Preparing Your Presentation for Delivery-Four Simple Questions

Imagine that you have an important presentation next week. You may not have to imagine – you probably do have an important presentation coming up soon. You want to make a good impression. No, you want to make a great impression. So you get started right away. What do you want to say? What is the message you want to deliver to the particular audience? As soon as you decide your message, you can start outlining and drafting, right? Whoa! Stop!

You need to back up a few steps if you really want to deliver your message to this particular audience. Delivering a message is like delivering a very important package. It's not enough to get the package ready to send. It's more important than even sending the package. Delivery means taking the steps necessary to assure that the package is received by the correct party exactly as you sent it. Anything short of that and your package is not delivered.

Preparing a presentation for delivery involves answering four simple but exacting questions.

First, who is the specific audience?

Second, what do you want this audience to do?

Third, what resources and obstacles will affect my presentation?

Finally, (and only after the first three are answered) what is my message and method?

I. Who is my specific audience?

The audience may be obvious, but not always. In fact, there may be more than one audience. Sometimes only a part of the apparent audience is relevant to your objectives. The potential audiences may be:

  • the apparent audience (all those sitting in front of you)
  • a part of or a key person in the apparent audience
  • others who will see this presentation (e.g. television or video-tape audience); or 
  • someone the present audience will be reporting to (e.g. a principal, client, or higher authority).
  • You need to know the audience well. Her are some of the key information points you will need to know (or must find out) about your audience.

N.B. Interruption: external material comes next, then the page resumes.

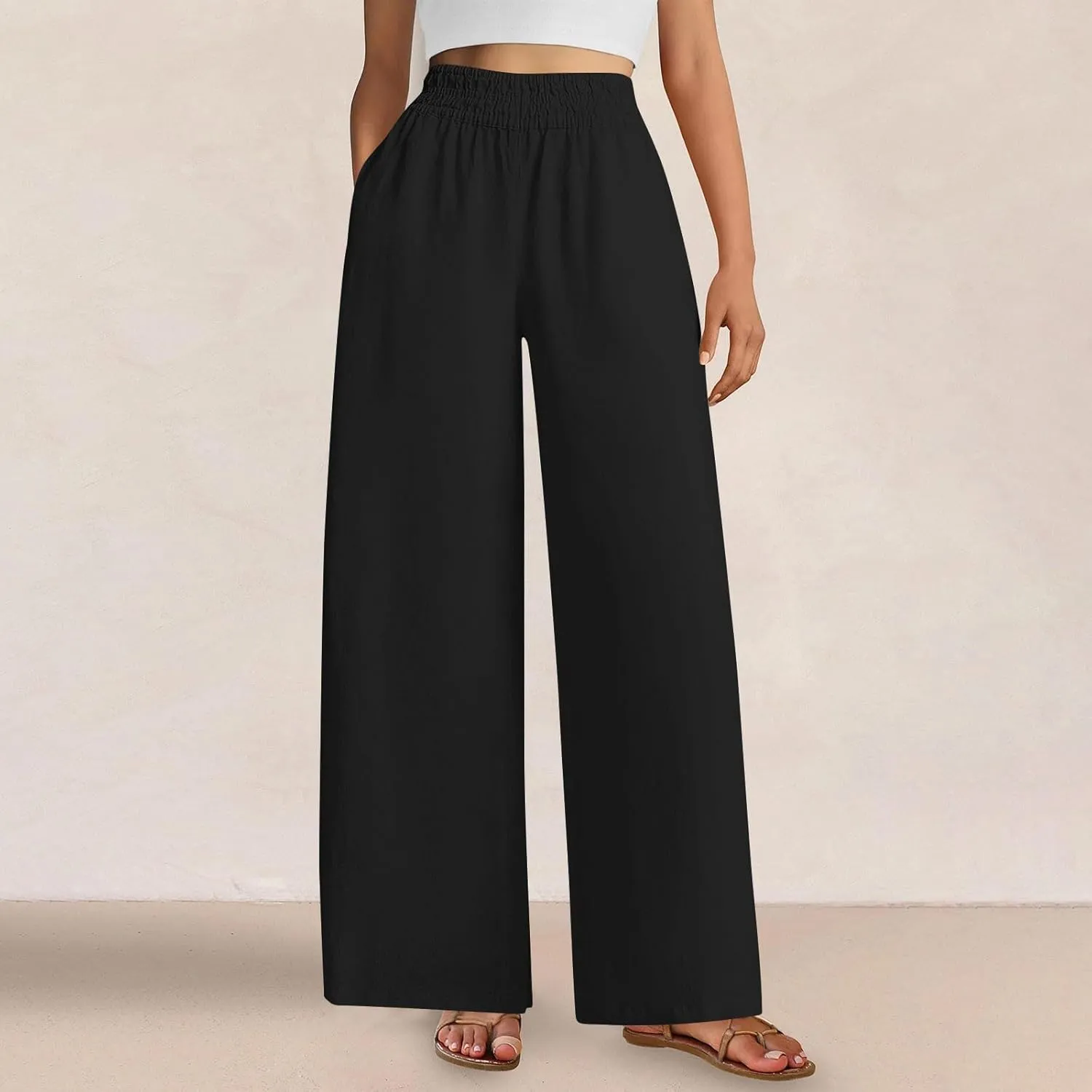Womens Wide Leg Linen Pants 2025 Summer Casual Palazzo Pants Smocked Elastic Waist Spring Beach Trousers with Pockets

  • Who are they? Get a profile of their background including such factors as their education, professional or occupational status, gender, age, experience level, etc.
  • How many are in the audience?
  • How much do they know (or think they know) about your topic? 
  • What preconceived ideas and/or predispositions does this audience have?
  • What is more likely to influence this audience: logic, facts or emotion? Or will all play a significant role?
  • What learning/listening styles are more natural to this audience? What styles may they be resistant to?
  • What do they know (or think they know) about you? What assumptions do they hold about the category of person you fall into?
  • Why are they (potentially) listening to you? Why are they here? Are they here voluntarily?
  • What (if anything) do they want and/or need from you?
  • What environmental factors may affect their receptivity? [See Resource/Obstacle discussion below].

Gaining this information will require preparation, research and ongoing awareness of cues that can be drawn from the audiences and the speaking occasion. There are many research tools that are available. Consider using Google or some other web–based search vehicle. But, also ask questions of prospective audience members and others who may know this audience better than you do.

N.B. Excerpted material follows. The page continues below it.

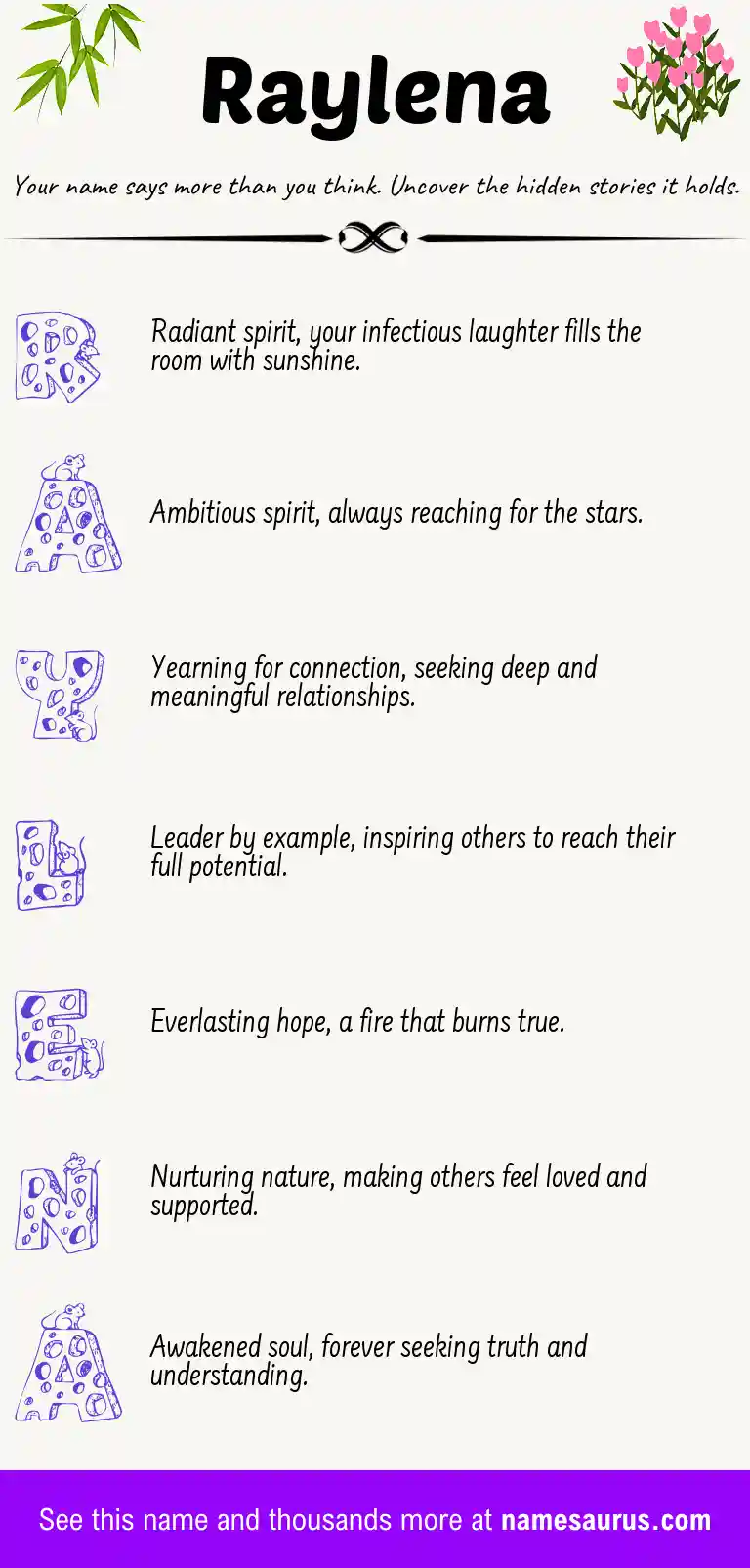 Acrostic poem about Raylena.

II. What do I want this audience to do?

Start by deciding the general purpose of this presentation. The purpose of presentations is likely to be one of the following:

  • Inform/teach/train
  • Motivate/stimulate/inspire
  • Persuade/sell/impress
  • Negotiate/debate
  • Entertain/amuse

More importantly, what specifically do you want this audience to do? This is the crucial question because it determines not only the purpose of the presentation, but directs you to the techniques needed to achieve that purpose. So, you have be crystal clear in your own mind as to what you want this audience to do. A presentation without a clear purpose is not likely to succeed. The package cannot be delivered because essentially there is no package.

Do you want the audience to know specific information or learn a particular skill? Do you want them to take specific action (vote a certain way, hire you, change a particular behavior)? Do you want them to sign an agreement on specific terms or agree with your position on a particular matter?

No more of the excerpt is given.